The authors noted that the CDC has been called on to modernize its drug overdose–reporting system, but this has not been done. Accurate statistics are vital to fighting the opioid crisis, and these failures have had significant adverse effects on public and individual patient safety.

Update Understanding Regarding MME and Conversion Tables
It is not a stretch to predict déjà vu in further misapplications if the nonscientific MME threshold of 50 MME currently contained in the draft update is left intact and subsequently misinterpreted by media members and policymakers as a hard dose limit. The OWG called the threshold of at least 50 MME per day “arbitrary.” It is agreed that this benchmark dose is every bit as arbitrary as the 90-MME threshold that the update drafters commendably removed. However, the wish for a specific “benchmark” dose at which clinicians should reevaluate treatment was apparently too strong.

The CDC concedes that experts expressed concern that dosage thresholds have the potential to be interpreted as authoritative and result in non-collaborative tapers or other harmful consequences. It also acknowledges that there is no standard formula for calculating MME.

The same can be said of conversion tables for equianalgesic opioid doses. From Dasgupta et al:

“Conceptually, an equianalgesic dose is that at which two opioids provide the same pain relief. Contrary to conventional wisdom, conversion values are not based on pharmacologic properties. Instead, they arose 60 years ago from small single-dose clinical studies in postoperative or cancer populations with pain score outcomes; toxicologic effects (e.g., respiratory depression) were not evaluated.”

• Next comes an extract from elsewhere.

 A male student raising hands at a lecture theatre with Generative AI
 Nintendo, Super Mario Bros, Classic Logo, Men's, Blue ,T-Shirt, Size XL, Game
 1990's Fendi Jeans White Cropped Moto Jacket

Bioavailability, metabolism and elimination all affect what dose is best for the individual patient. Data suggest at least a 13-fold dosage variability, and further suggest a genetic contribution. Possible reasons for high variability needed for pain control in chronic pain include:

  • pain severity;
  • genetic differences in hepatic metabolism (can account for threefold or greater variability);
  • genetic differences in the receptor interactions of different opioids; and
  • genetic differences in neural transmission.

There is danger that any reference to conversion tables and MME will be interpreted as codifying them with predictable adverse effects. At least, the lack of a scientific basis for their use in overdose prevention and a warning that they could be dangerous in some cases should be added. The precautions advised by the CDC at 50 MME, including more frequent follow-up and offering naloxone and overdose prevention education to the patient and household members, should be done at any dose when risks grow more apparent versus benefits in an individualized manner. To recommend otherwise could instill overconfidence that a benchmark dose is “safe” for any given patient.

Concluding Thoughts
The updated guideline contains beneficial changes. Among them, certain prescription duration limits and the upper MME dosage threshold have been removed. There is some acknowledgment that pain treatment is indeed important. Yet, the inappropriate usage of the 2016 guideline and policies created in its image to harass, prosecute and even jail clinicians must be specifically and adequately addressed. The MME threshold now in the revised version is no more scientifically sound than the ones in the previous version, and it has already been shown that dosage levels are too easily interpreted with rigidity by policymakers and payors. Until these issues are resolved, the fallout has the potential to harm patient care into the future.

Editor’s note: The views expressed in this commentary belong to the author and do not necessarily reflect those of the publication.